What might we expect to find if such a thing were possible? During the “near-bankruptcy” years, Trump’s financial solvency would have to hang by a thread, shored up by mysterious loans from shadowy sources.

Would we find a detailed study of Trump’s finances in June of 1995 prepared by New Jersey casino regulators that told us “for this four-month period, DJT’s cash position fell below the forecasts submitted on February 3, 1995”? Or that Trump’s cash position was only maintained by transactions that “appear to be one-time occurrences and do not represent continuing sources of funds”? Would we learn that Trump was facing a “June 30, 1995 maturity of the Override Agreement” that had resolved his debt negotiations five years earlier? Would the regulators certify Trump’s financial stability by noting “DJT’s flexibility is limited. However, DJT has demonstrated an ability to adjust cash flow requirements when necessary”?

Imagine what would happen if Trump began repatriating his offshore cash in the form of business loans from foreigners shortly after that bank agreement expired in June of 1995. This could be a classic money laundering technique known as a “loan-back.” First you steal some money. Then you secretly move it offshore. Then you give your stolen money to a bank or business overseas. They keep a cut, and loan back the rest to you. Then, you live off the loan itself, treating it as tax-free income. To an outside observer, you would seem to be very rich despite being terrible at business.

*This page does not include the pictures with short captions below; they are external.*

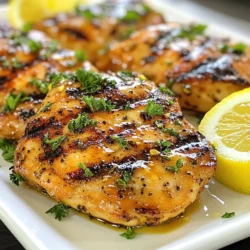 To make lemon pepper chicken, gather these items: - 4 boneless, skinless chicken breasts - 1/4 cup olive oil - Zest of 2 large lemons - 1/4 cup fresh lemon juice - 2 teaspoons freshly ground black pepper - 1 teaspoon garlic powder - 1 teaspoon onion powder - 1 teaspoon salt - 1/2 teaspoon red pepper flakes (optional for heat) - Fresh parsley, chopped for garnish You can swap some ingredients to suit your taste or needs. Use canola oil instead of olive oil. Lemon zest can be replaced with lime zest for a twist. If you lack fresh lemons, bottled lemon juice works, but fresh is best. You can use powdered garlic instead of garlic powder. If you prefer a milder flavor, reduce the black pepper. For a spicy kick, add more red pepper flakes. Fresh ingredients often bring more flavor than dried ones. Fresh lemon juice offers a bright taste that dried cannot match. The same goes for lemon zest; fresh zest has a strong, zesty aroma. Use fresh black pepper for a better flavor punch. However, if you only have dried spices, they will work fine. Just remember to adjust the amounts since dried spices are more potent. {{ingredient_image_1}} To make the marinade, grab a mixing bowl. In this bowl, add 1/4 cup of olive oil. Next, zest two large lemons to get that fresh flavor. Then, squeeze the lemons to collect 1/4 cup of lemon juice. Add 2 teaspoons of freshly ground black pepper, 1 teaspoon of garlic powder, 1 teaspoon of onion powder, and 1 teaspoon of salt. If you like some heat, toss in 1/2 teaspoon of red pepper flakes. Whisk all these ingredients together until they blend well. Next, take four boneless, skinless chicken breasts. Place them in a resealable plastic bag or a shallow dish. Pour the marinade over the chicken, making sure each piece gets coated. Seal the bag or cover the dish tightly. Now, let the chicken sit in the fridge for at least 30 minutes. For more flavor, you can marinate it for up to 2 hours. Time to fire up the grill! Preheat your grill or grill pan to medium-high heat. When the grill is ready, take the chicken out of the marinade. Let any excess marinade drip off, but don’t wipe it clean. Place the chicken on the grill. Cook for about 6-7 minutes on each side. You want the internal temperature to reach 165°F (75°C). This ensures the chicken is safe to eat. When done, move the chicken to a plate. Let it rest for about 5 minutes. This resting time helps the juices stay inside the meat. Finally, garnish with chopped fresh parsley for a pop of color. Enjoy your zesty lemon pepper chicken! To boost the flavor of your lemon pepper chicken, follow these tips: - Use fresh lemons: Fresh lemon juice and zest add a bright taste. - Marinate longer: Let the chicken sit in the marinade for at least an hour. This helps the flavors soak in deeper. - Add herbs: Fresh herbs like thyme or rosemary can give extra flavor. - Grill with care: Ensure your grill is hot before placing the chicken on it. This helps get nice grill marks and flavor. Avoid these pitfalls for perfect lemon pepper chicken: - Don't skip the marinating step: Skipping this can lead to dull flavors. - Watch the cooking time: Overcooking can make the chicken dry. Always check the internal temperature. - Skip the salt: Salt is key. It enhances all the flavors in your dish. - Don't wipe off excess marinade: Let some marinade stay on the chicken. It adds to the taste. Resting the chicken is vital. Here’s why and how: - Let it rest: After grilling, let the chicken rest for 5 minutes. This allows juices to settle. - Garnish for beauty: Use fresh parsley to make the dish look appealing. - Serve with sides: Pair with grilled veggies or a fresh salad. The colors will pop and taste great together. - Add lemon wedges: They not only look nice but can be squeezed over the chicken for extra zing! Pro Tips Marinate Longer for Flavor: Allow the chicken to marinate for up to 2 hours to enhance the flavor and tenderness of the meat. Use a Meat Thermometer: Ensure the chicken is cooked perfectly by checking the internal temperature; it should reach 165°F (75°C). Let it Rest: After grilling, let the chicken rest for 5 minutes before slicing to keep the juices inside, resulting in a juicier bite. Experiment with Herbs: Add fresh herbs like thyme or rosemary to the marinade for an extra layer of flavor that complements the lemon. {{image_2}} You can add fresh herbs to your lemon pepper chicken for extra flavor. Use herbs like thyme, rosemary, or basil. Chop them finely and mix them into your marinade. This will add a fresh taste and aroma. You can also sprinkle herbs on top before serving for a lovely look. If you like heat, try adding more red pepper flakes to your marinade. Start with 1 teaspoon and see how it tastes. You can also add hot sauce for extra spice. This variation gives a nice kick to the dish. It pairs well with a cool side, like a creamy coleslaw. Cut the chicken breasts into cubes for skewers. Marinate the cubes just like before. Thread them onto skewers with bell peppers and onions. Grill them for about 10-12 minutes, turning often. This makes a fun and easy meal for parties or picnics. Serve them with a side of rice or salad. After grilling your lemon pepper chicken, let it cool. Store it in an airtight container. It stays fresh in the fridge for up to three days. If you want to keep it longer, consider freezing. To freeze the chicken, wrap each piece tightly in plastic wrap. Then, place it in a freezer-safe bag. This method helps prevent freezer burn. You can freeze lemon pepper chicken for up to three months. When it's time to reheat, use the oven for the best results. Preheat your oven to 350°F (175°C). Place the chicken on a baking sheet. Heat for about 15-20 minutes or until hot. You can also use a microwave, but that may dry it out. To keep it moist, cover it with a damp paper towel. Enjoy your lemon pepper chicken again! Yes, you can marinate the chicken overnight. Marinating for this long helps the flavors soak in. It makes the chicken juicier and more tasty. Just remember to store it in the fridge. This keeps the chicken safe and fresh. Many sides pair nicely with lemon pepper chicken. Here are some great options: - Grilled vegetables like zucchini and bell peppers - A light salad with mixed greens - Steamed rice or quinoa - Mashed potatoes with herbs - Roasted potatoes for a crunchy bite These sides add color and balance to your meal. The best way to check if chicken is cooked is to use a meat thermometer. Insert it into the thickest part of the chicken. It should read 165°F (75°C) for safe eating. If you don’t have a thermometer, you can cut into the chicken. The juices should run clear, and the meat should not be pink. Always make sure to check for doneness to stay safe. In this article, we covered the key ingredients for making tasty lemon pepper chicken. We explored ingredient substitutions and the difference between fresh and dried items. You learned step-by-step instructions on preparing the marinade, marinating the chicken, and grilling tips. We shared useful tips for enhancing flavor and avoiding mistakes. We also discussed fun variations, like lemon pepper chicken skewers. Finally, remember the best ways to store and reheat your chicken. Enjoy your cooking, and don’t hesitate to try new things. Keep experimenting with flavors!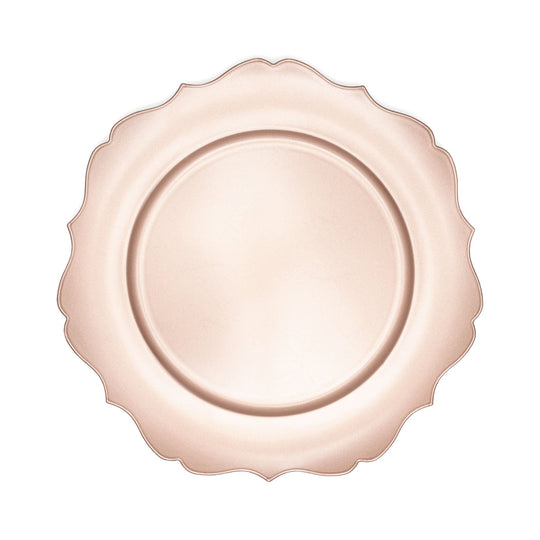 Scalloped Plastic Charger Plate 13" - Blush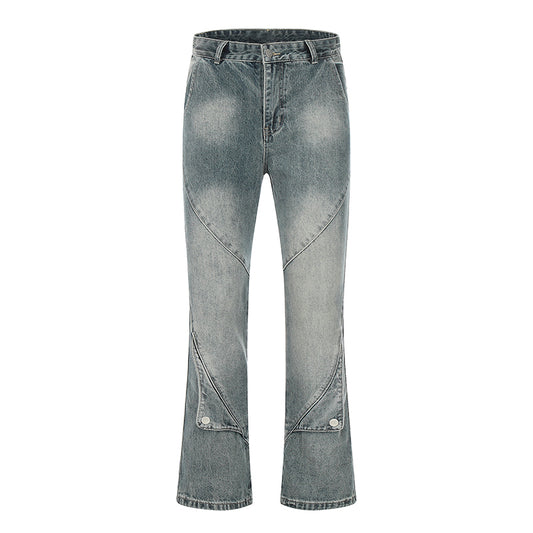Spliced Pocket Denim Jeans Gray PinkLimes Trending Streetwear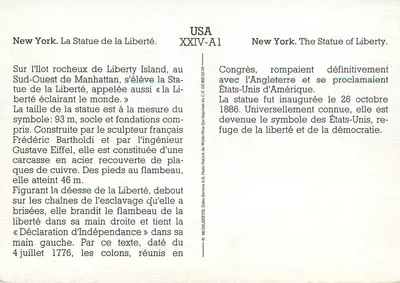 Nowy Jork. Statua Wolności — USA XXIV-A1 — Édito-Service S.A. — Rewers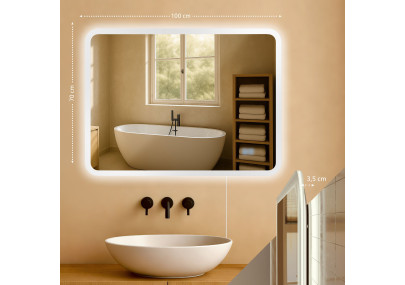 Specchio da bagno Jericho 70x100 senza Bluetooth, vetro trasparente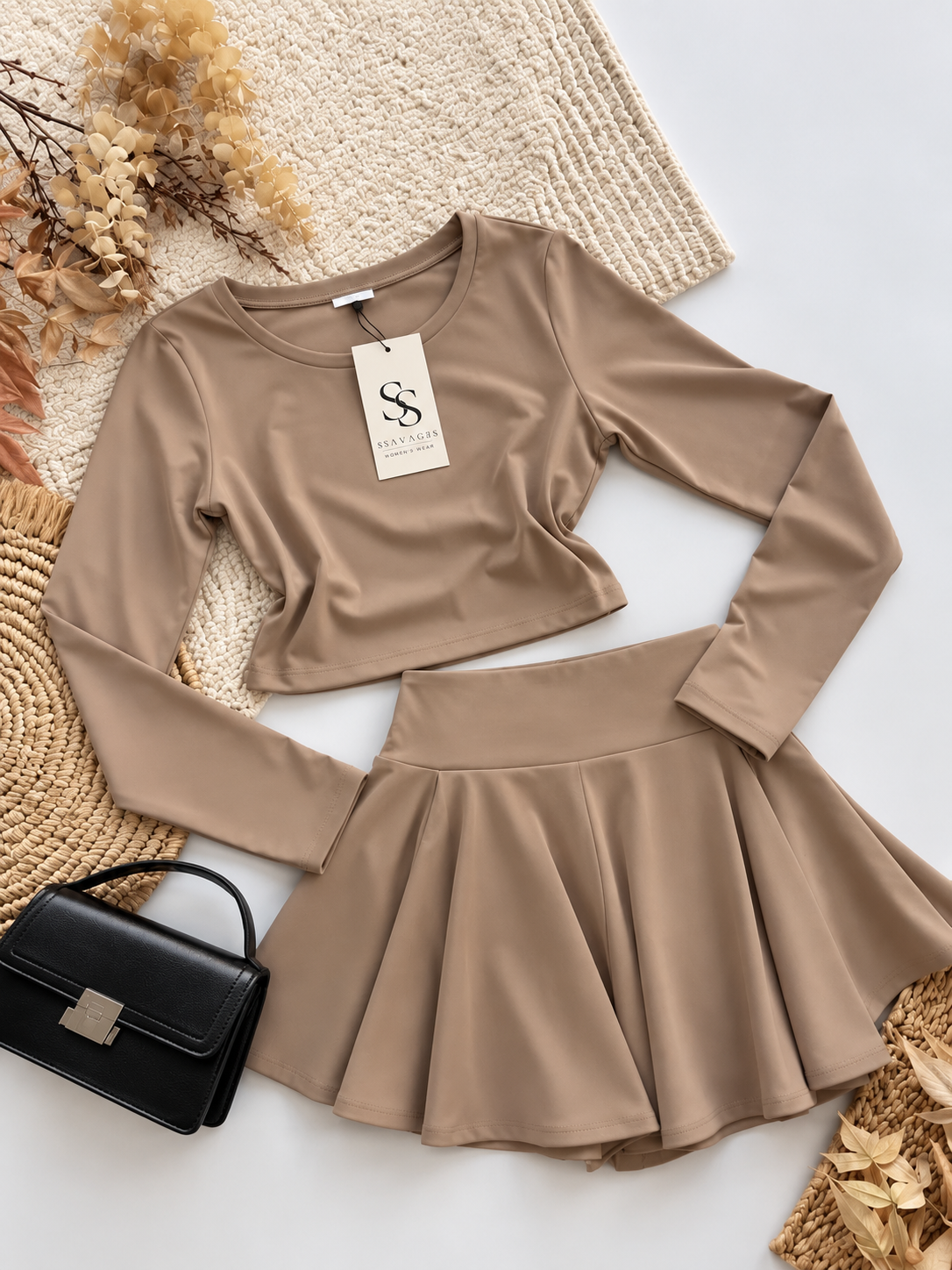 CONJUNTO TOP + FALDA PANTALÓN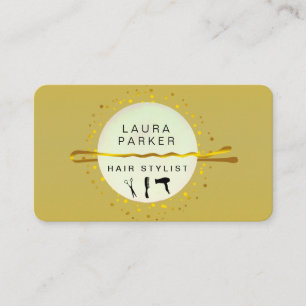 Tarjeta De Visita Hair Stylist Makeup Artista Salon Gold Green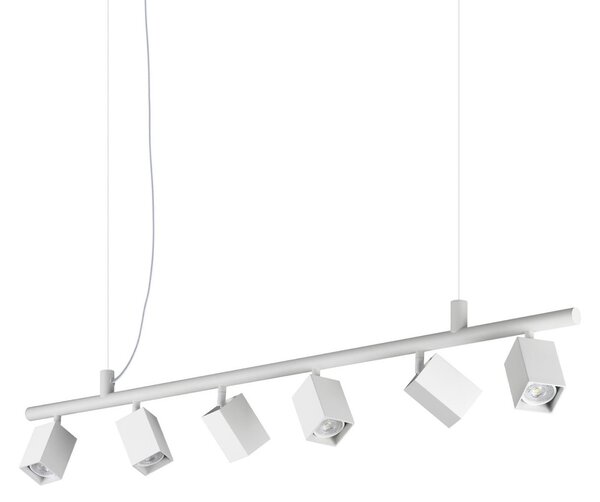 IDEAL LUX Висяща лампа Dynamite Square, бяла, с 6 лампи, Бял, Дневна/трапезария, Метал, Модерен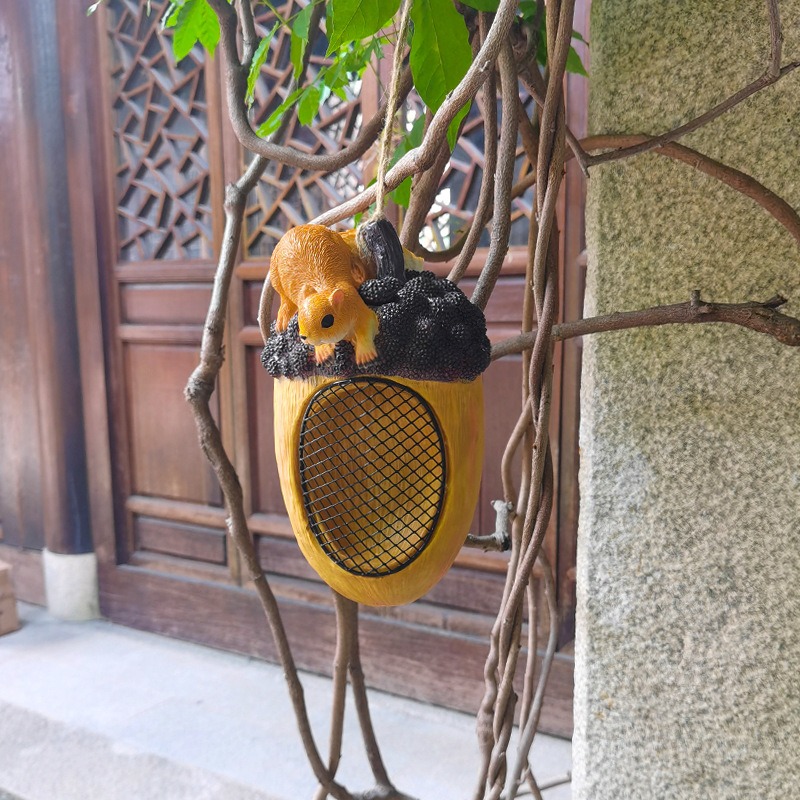 Casa para pájaros y ardillas de exterior malla metálica alimentador de aves suspensión — imagen 3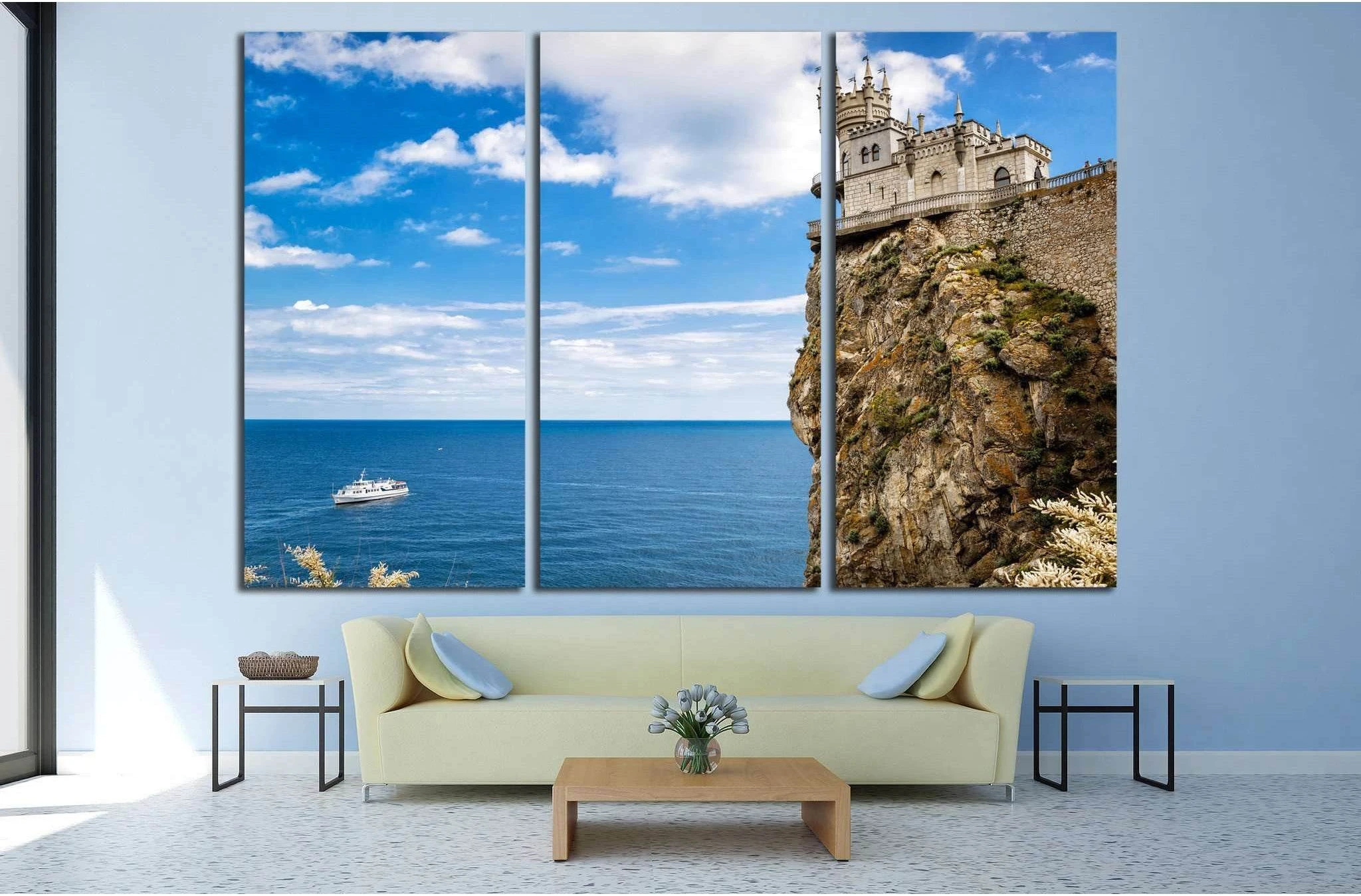 Swallow's Nest castle, Black Sea in Crimea, Ukraine №1812 Ready to Hang Canvas Print - Zellart Canvas Prints ALL_Products, s-1812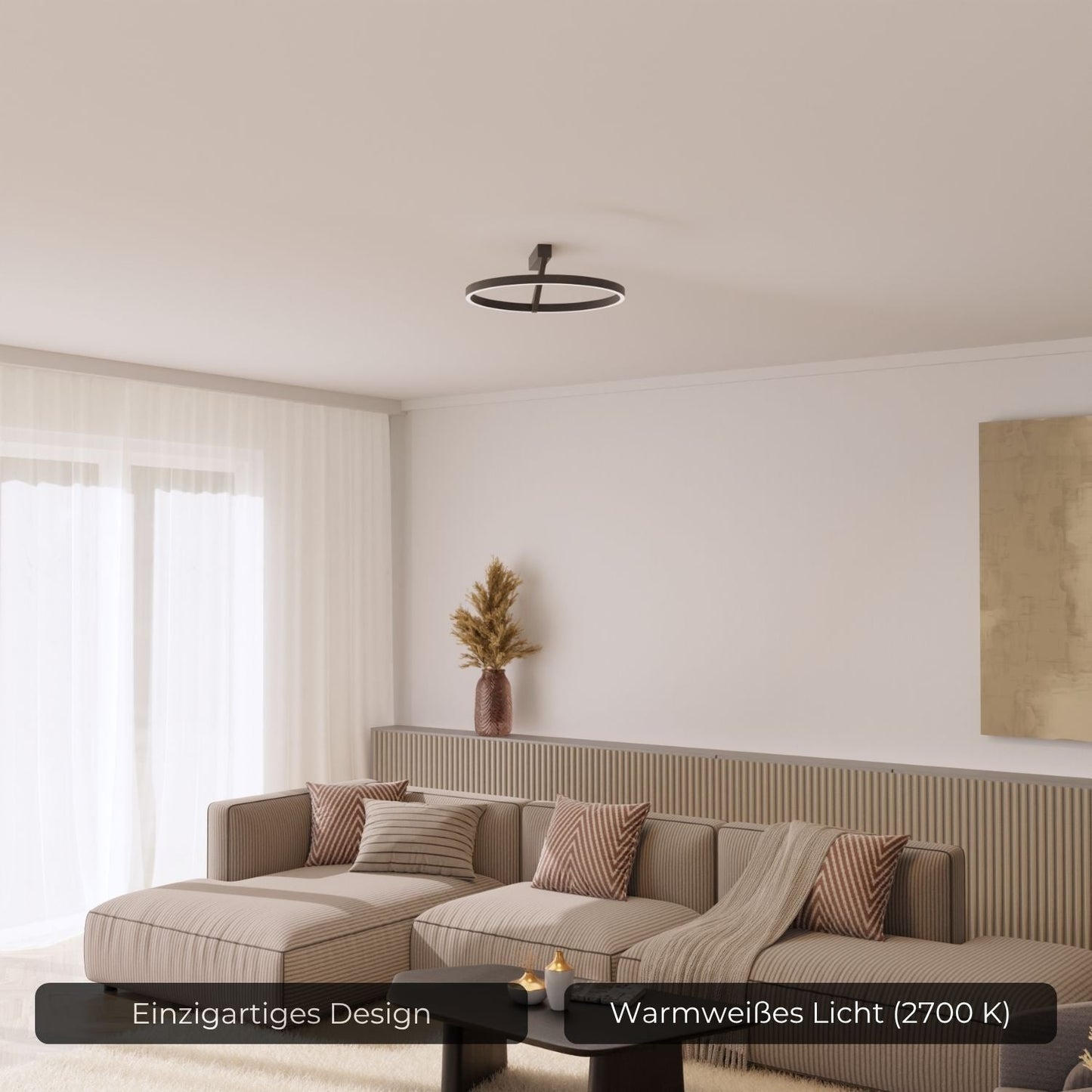 Plafondlamp met up & downlight en warm 2700K licht – Noira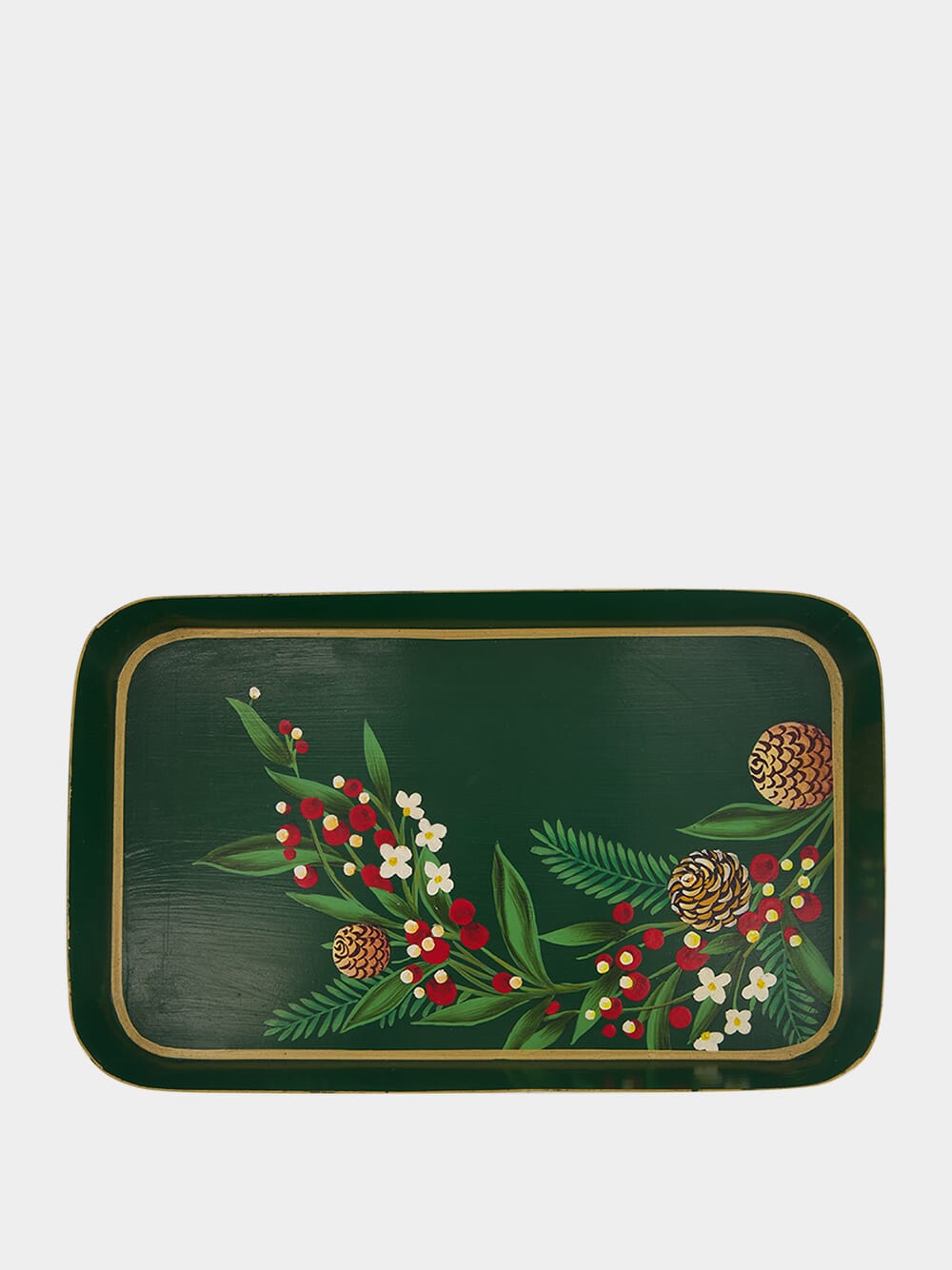 Green Christmas Iron Tray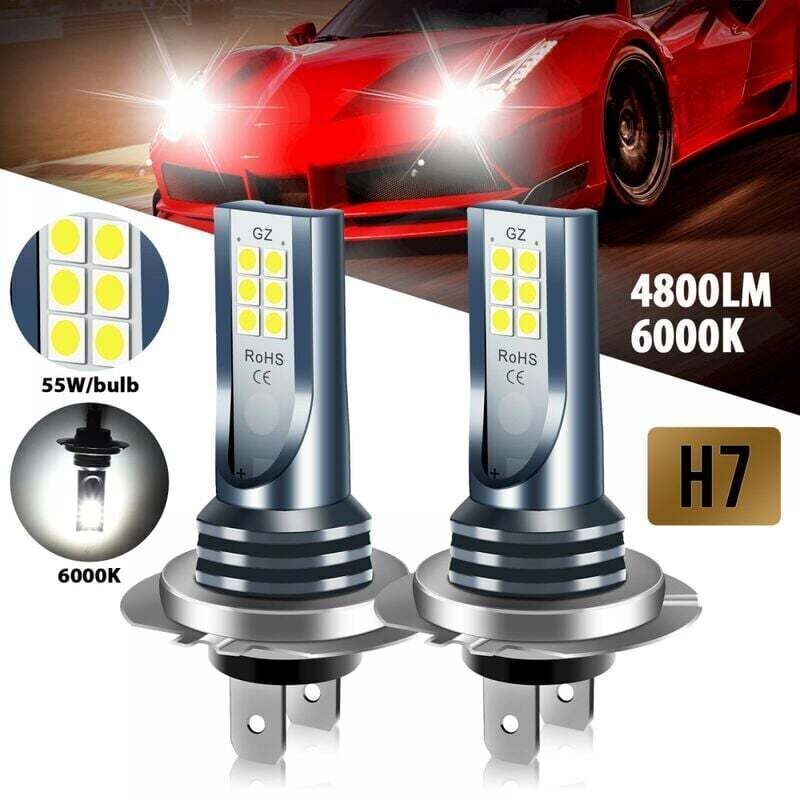 Pack of 2 H7 LED headlight bulbs, 6500K white, 360-degree COB 3030 LED beads, IP68 waterproof and shockproof, headlight bulb for high/low beam.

Imagine that a group of Hong Kong investors had bought the mortgage to a key Trump development out of foreclosure for $88 million, agreeing to “assume Mr. Trump’s debts and pay him 30 percent of the profits, as well as fees for helping to manage the development of the site, which they agreed to finance.” Would such a deal make more sense if it had been underwritten offshore with Trump’s own cash, embezzled from the earlier bond deals?

Or imagine that Trump purchased a 72-story skyscraper for a million dollars in cash from a Hong Kong-based entity in the latter half of 1995 (only months after the investigation of his finances by casino regulators had concluded). Imagine that Trump claimed to have invested an additional $65 million renovating the building by 2004. Imagine that the building was encumbered with $145 million in mortgages by 2005. Imagine that Trump had somehow come up with that $1 million in cash and secured those millions in mortgages in the same year that he reported losses of $916 million on his taxes. Wouldn’t we wonder why he’d borrowed $80 million more than he had spent? Could such a building, bought for so cheap, allow Trump to live tax-free off of the loans themselves, as though they were income for years?

How would your understanding of Trump change if many of those perplexing business deals he struck after 1995 weren’t bad business loans at all? What would we expect to find if we were looking for evidence of a  scheme? A foreign bank that has loaned $364 million to Trump despite a checkered history of repayments, but where Trump maintained brokerage accounts worth at least $20 million and possibly as much as $50 million?

What if Trump really had been a lot wealthier this whole time than any of us realized? What if that wealth had stemmed from a billion dollar stock fraud pulled off in 1990, and all those strange loans from foreigners would have just been Trump’s stolen money coming back home? What would we expect to find if such a story were true?

We’re sorry we’ve been so quiet lately. We’ve been doing a lot of research into Trump’s business dealings. Many of them are even starting to make sense.